Abbiamo volutamente accompagnato con il silenzio il periodo elettorale per il ballottaggio al Comune di Roma. Fase troppo delicata. Non soltanto per la designazione del primo cittadino, ma anche per la conseguente formazione del consiglio comunale. Tra promossi e bocciati. Meglio un rispettoso silenzio.
Ora, con il responso delle urne davanti agli occhi, un’associazione ormai ben radicata nel tessuto romano – anche a livello istituzionale – come “Forche Caudine”, non può esimersi da un’analisi serena su quanto accaduto. Anche perché l’ambizioso cammino della nostra associazione, sempre in un’ottica di dialogo a 360 gradi (scelta che compatta e non divide la comunità molisana a Roma), non può ignorare i nuovi scenari politici scaturiti dal voto.

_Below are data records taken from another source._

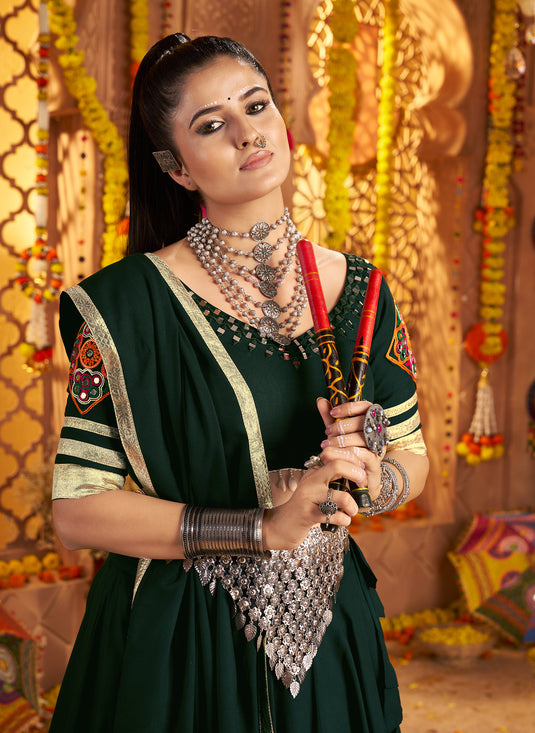 Navratri Special Teal Green Viscose Rayon Embroidered Ready Made Fully Stitched Lehenga Choli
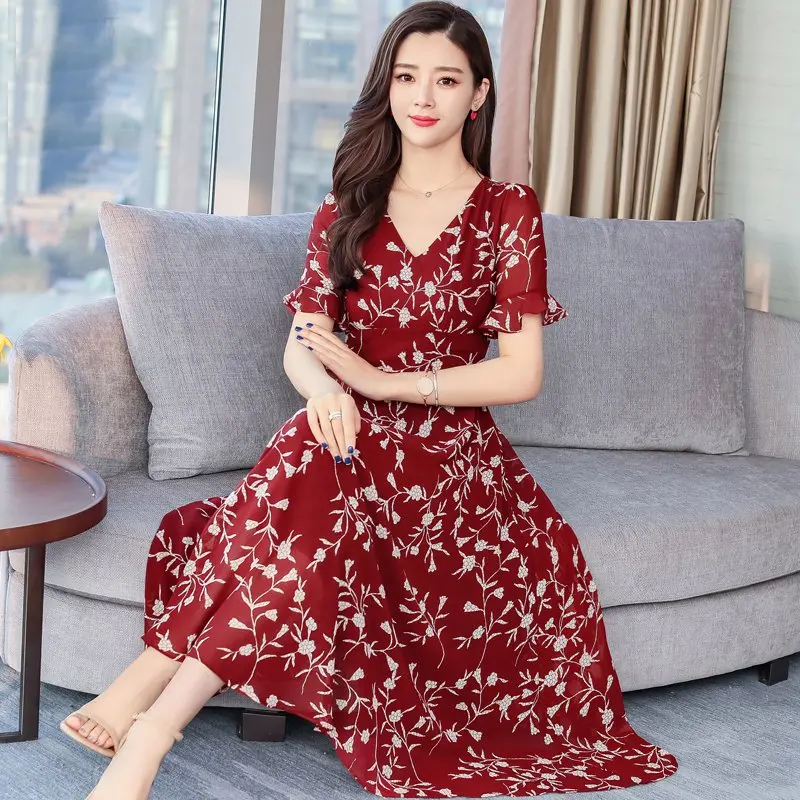 

Womens Bell sleeve Dresses 2019 elegant Floral Retro Vintage Robe Rockabilly Swing Pinup Vestidos office ladies Party Dress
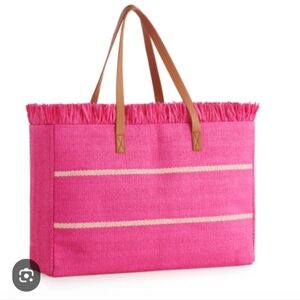 SHIRALEIGH XL Hot Pink Colorful Fringed Straw Tote with Vegan Leather Handles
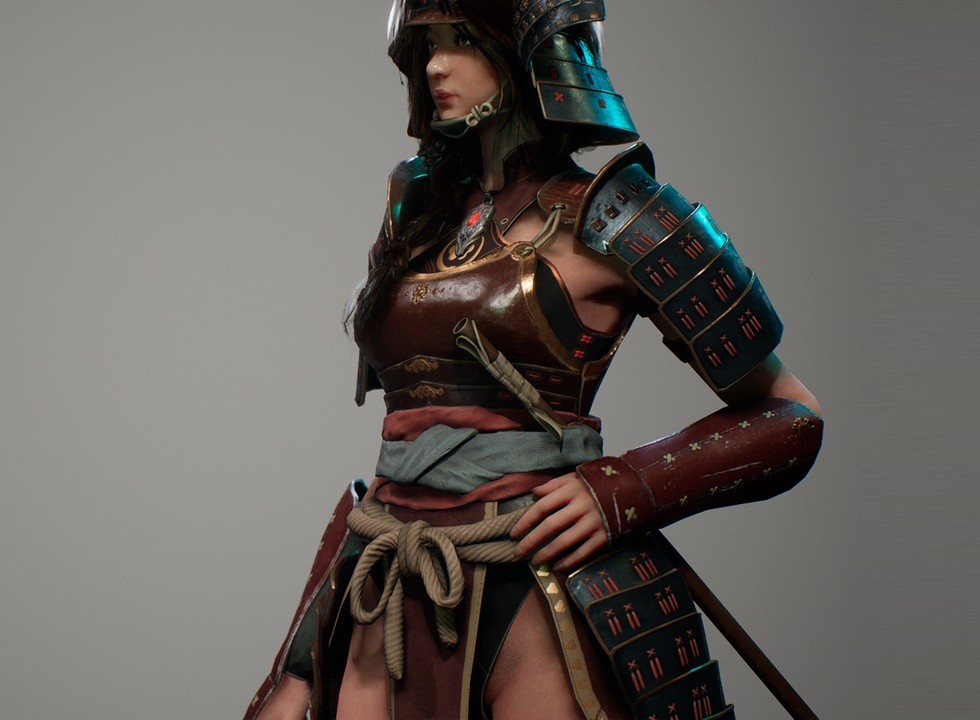 UE4虚幻5 Samurai Girl 女武士美女少女角色模型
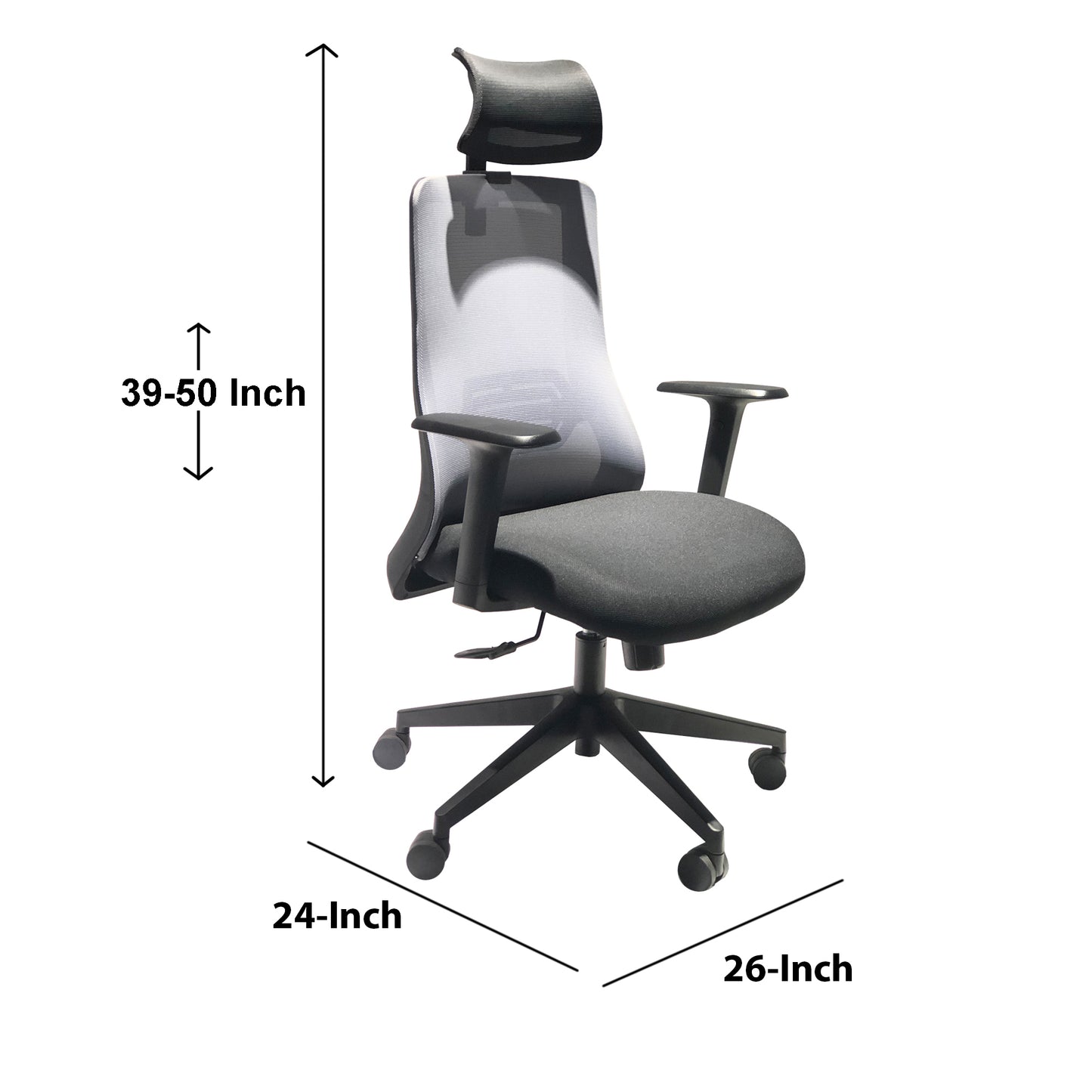 Adjustable Headrest Ergonomic Swivel Office Chair with Padded Seat and Casters, Black and Gray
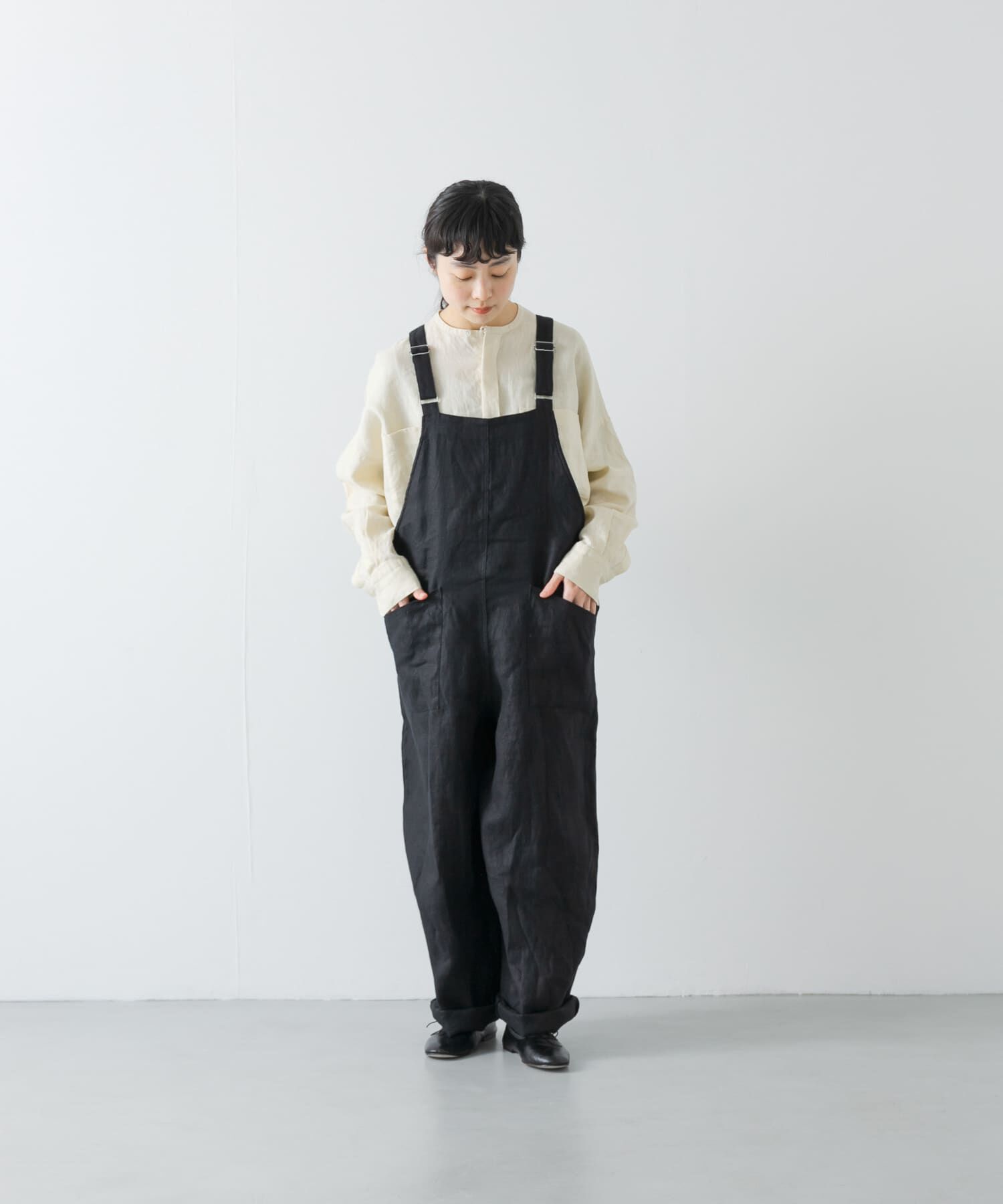 かぐれ「リネンバッククロスサロペット」|スカート|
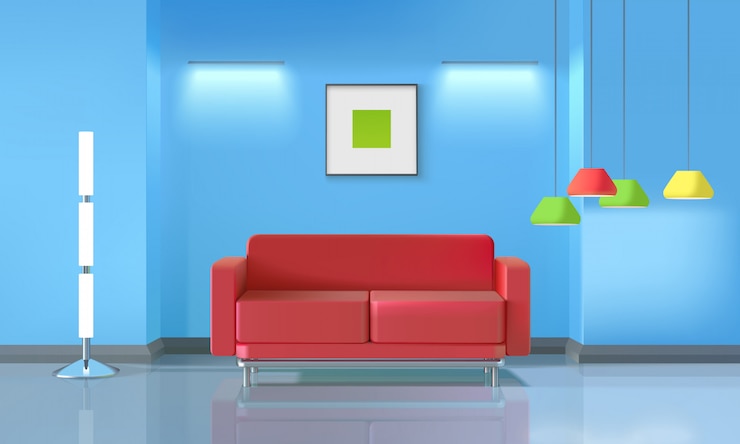 Zdarma Vektor realistický design obývacího pokoje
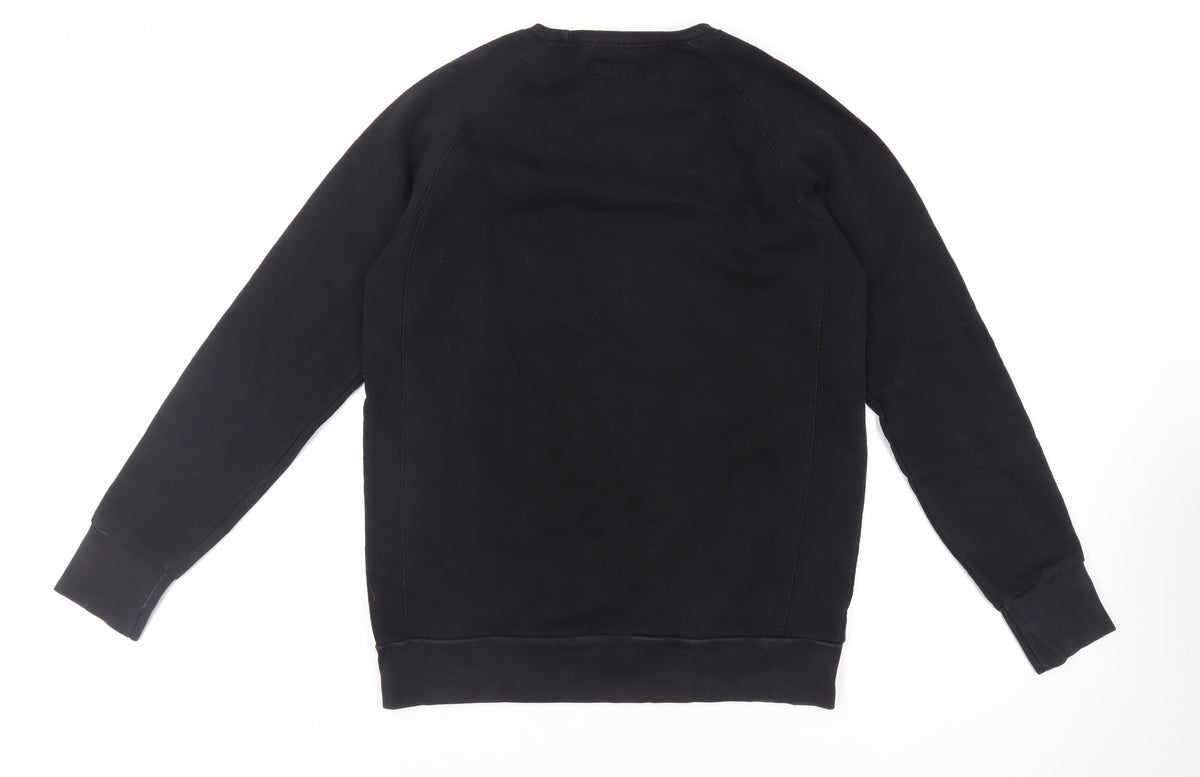 Smiley Mens Black Cotton Pullover Sweatshirt Size L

Roma, dunque, cambia sindaco. Ad essere determinante è soprattutto l’autosconfitta della sinistra. Espressa con voti disgiunti e con astensionismo. Sovrapposta a quella personale di Rutelli, che va a colpire quell’area radical chic che ha finito per diventare la bandiera del centrosinistra romano, tutto borghesia, salotti, mondanità, cemento e centro storico. La destra ha puntato su tre ricette efficaci: attivismo, sicurezza e periferie. “Ci siamo accorti – racconta Andrea Augello, coordinatore del comitato elettorale di Gianni Alemanno – che mentre noi andavamo a parlare con tutti rappresentanti delle categorie cittadine, Rutelli li riceveva nel suo ufficio. Un comportamento che alla fine ha pagato pesantemente”.<
Le urne hanno confermano che l’egemonia su Roma spetterà, quindi, alla destra. Le cronache diranno con quali risultati. Sul cambio di pagina, aleggia però un atavico rischio: la riedizione dell’eterno potere romano. Quello dei trasformismi e delle scaltre arrampicate sul carro dei vincitori. Realtà ancestrale nella culla di Chiese e Palazzi.